Activity>
In the material below, begin at the line that has "Custom Pink Green-White", stop after the line that has "Pre Owned Salvatore", and transcribe those lines exactly, without pictures.

Data extracts>
════

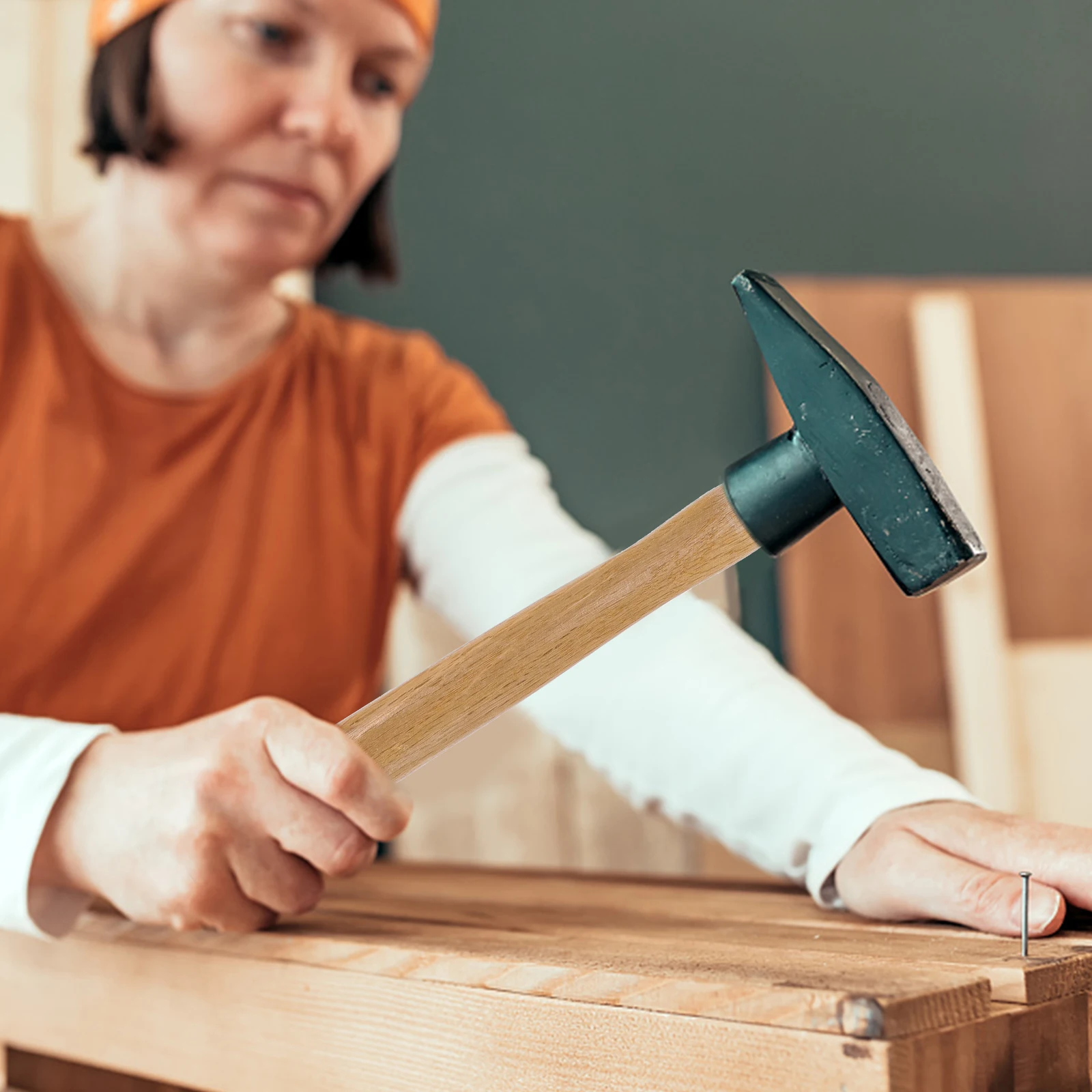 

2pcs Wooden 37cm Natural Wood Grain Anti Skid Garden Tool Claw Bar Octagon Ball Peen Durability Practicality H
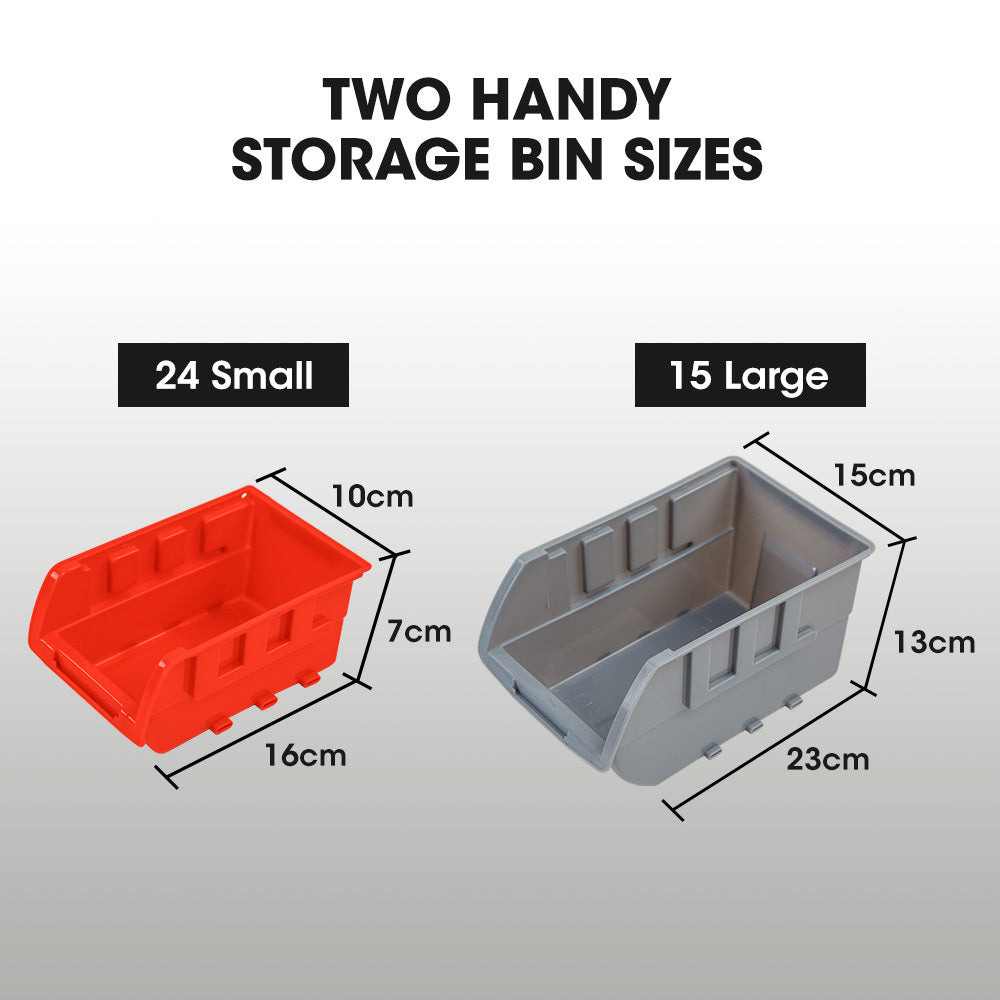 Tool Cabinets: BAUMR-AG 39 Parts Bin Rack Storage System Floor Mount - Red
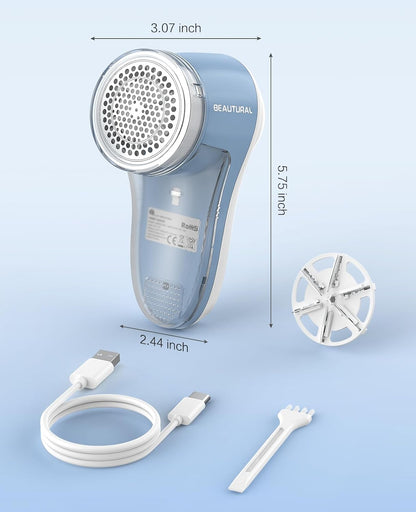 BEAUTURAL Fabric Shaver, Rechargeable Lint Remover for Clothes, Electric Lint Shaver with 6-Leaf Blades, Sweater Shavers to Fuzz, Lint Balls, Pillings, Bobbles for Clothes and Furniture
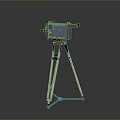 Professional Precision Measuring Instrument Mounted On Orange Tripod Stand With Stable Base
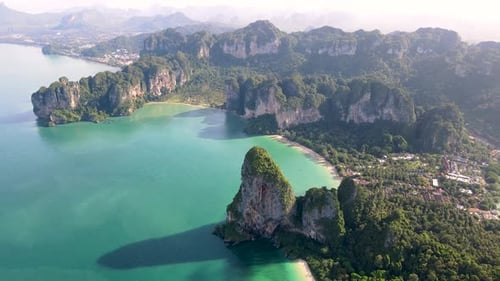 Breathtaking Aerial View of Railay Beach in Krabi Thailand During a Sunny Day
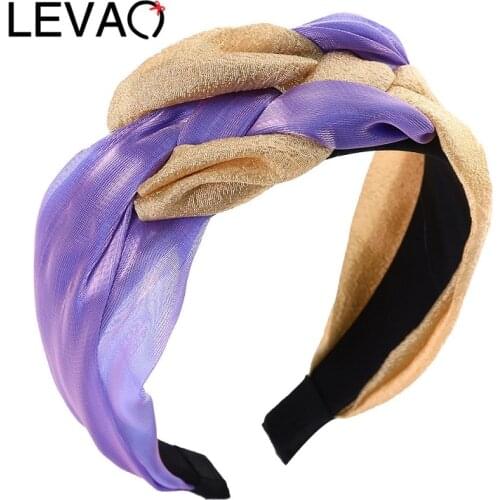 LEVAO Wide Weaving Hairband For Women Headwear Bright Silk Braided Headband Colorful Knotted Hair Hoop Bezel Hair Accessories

════

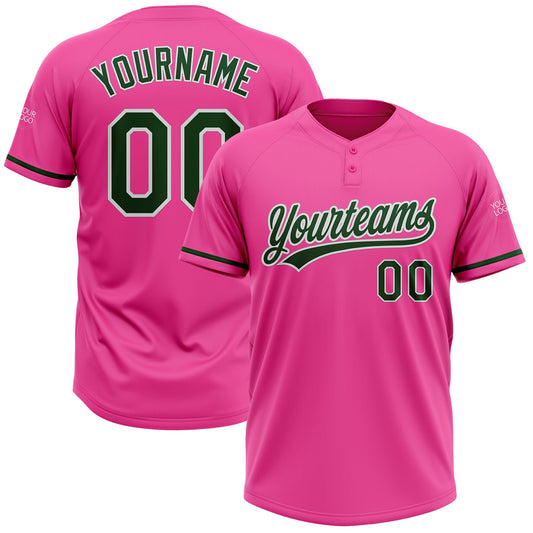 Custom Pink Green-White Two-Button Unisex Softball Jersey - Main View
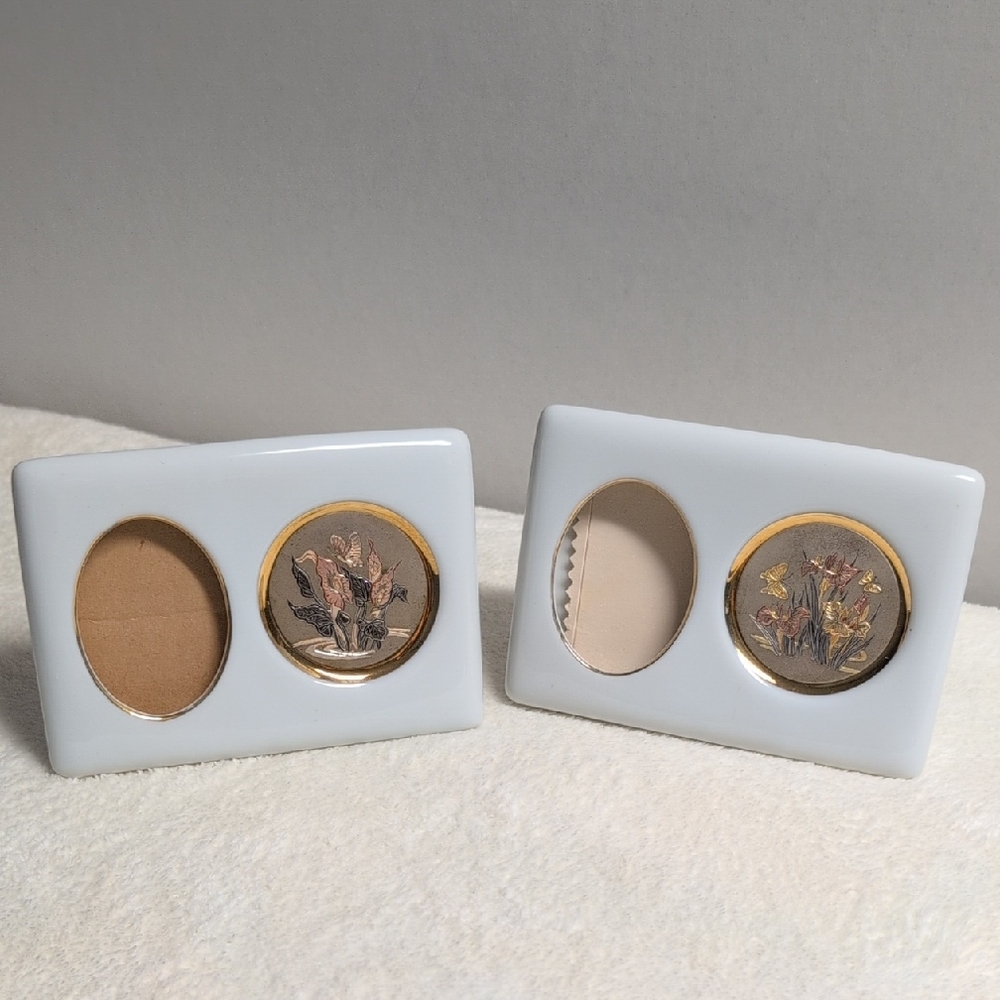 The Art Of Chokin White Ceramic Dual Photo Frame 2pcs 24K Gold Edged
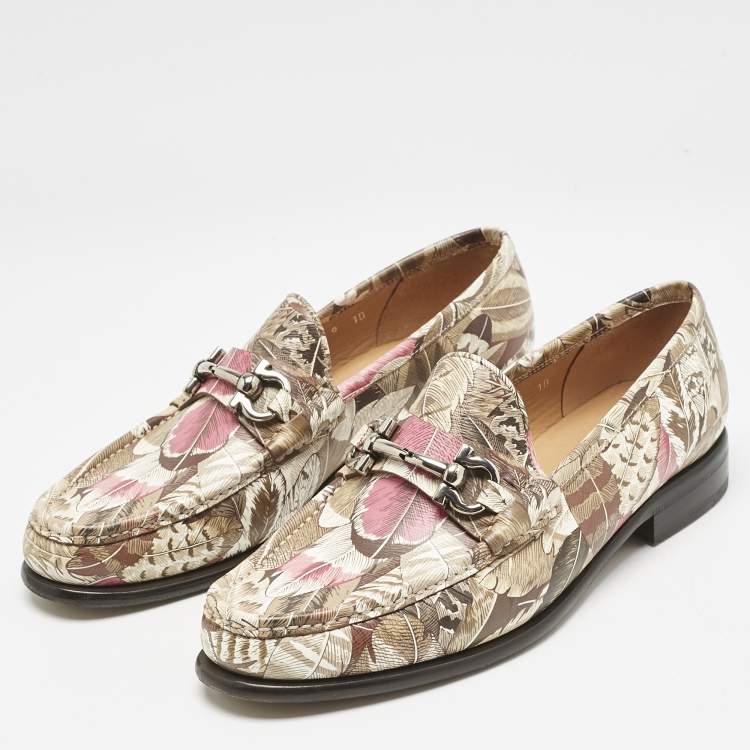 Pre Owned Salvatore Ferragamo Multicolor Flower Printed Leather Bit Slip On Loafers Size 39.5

════

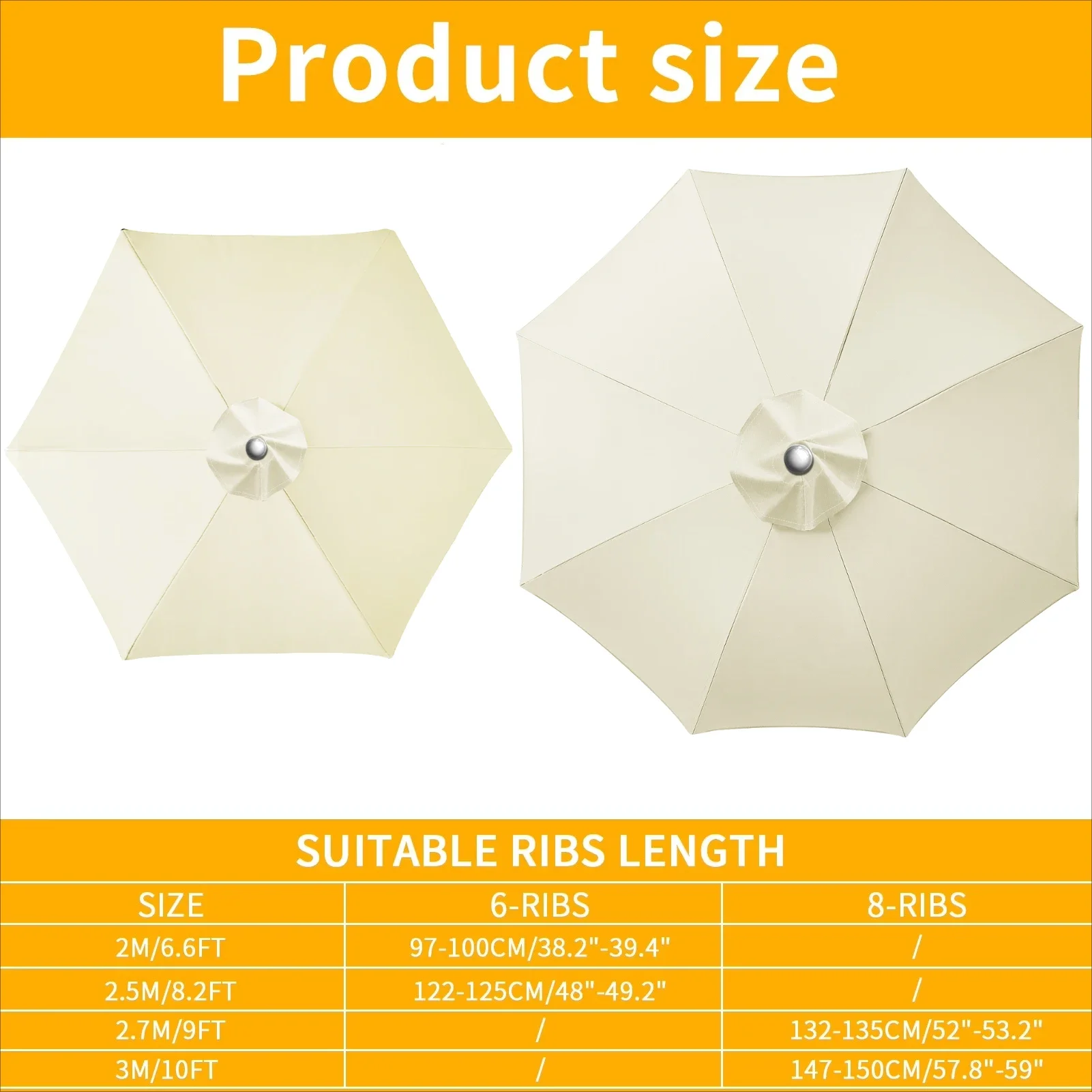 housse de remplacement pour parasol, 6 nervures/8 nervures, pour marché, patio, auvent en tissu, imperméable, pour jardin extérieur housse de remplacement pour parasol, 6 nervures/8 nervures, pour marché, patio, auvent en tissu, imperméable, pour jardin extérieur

════

Solution to the problem>
 Custom Pink Green-White Two-Button Unisex Softball Jersey - Main View
 The Art Of Chokin White Ceramic Dual Photo Frame 2pcs 24K Gold Edged
 Pre Owned Salvatore Ferragamo Multicolor Flower Printed Leather Bit Slip On Loafers Size 39.5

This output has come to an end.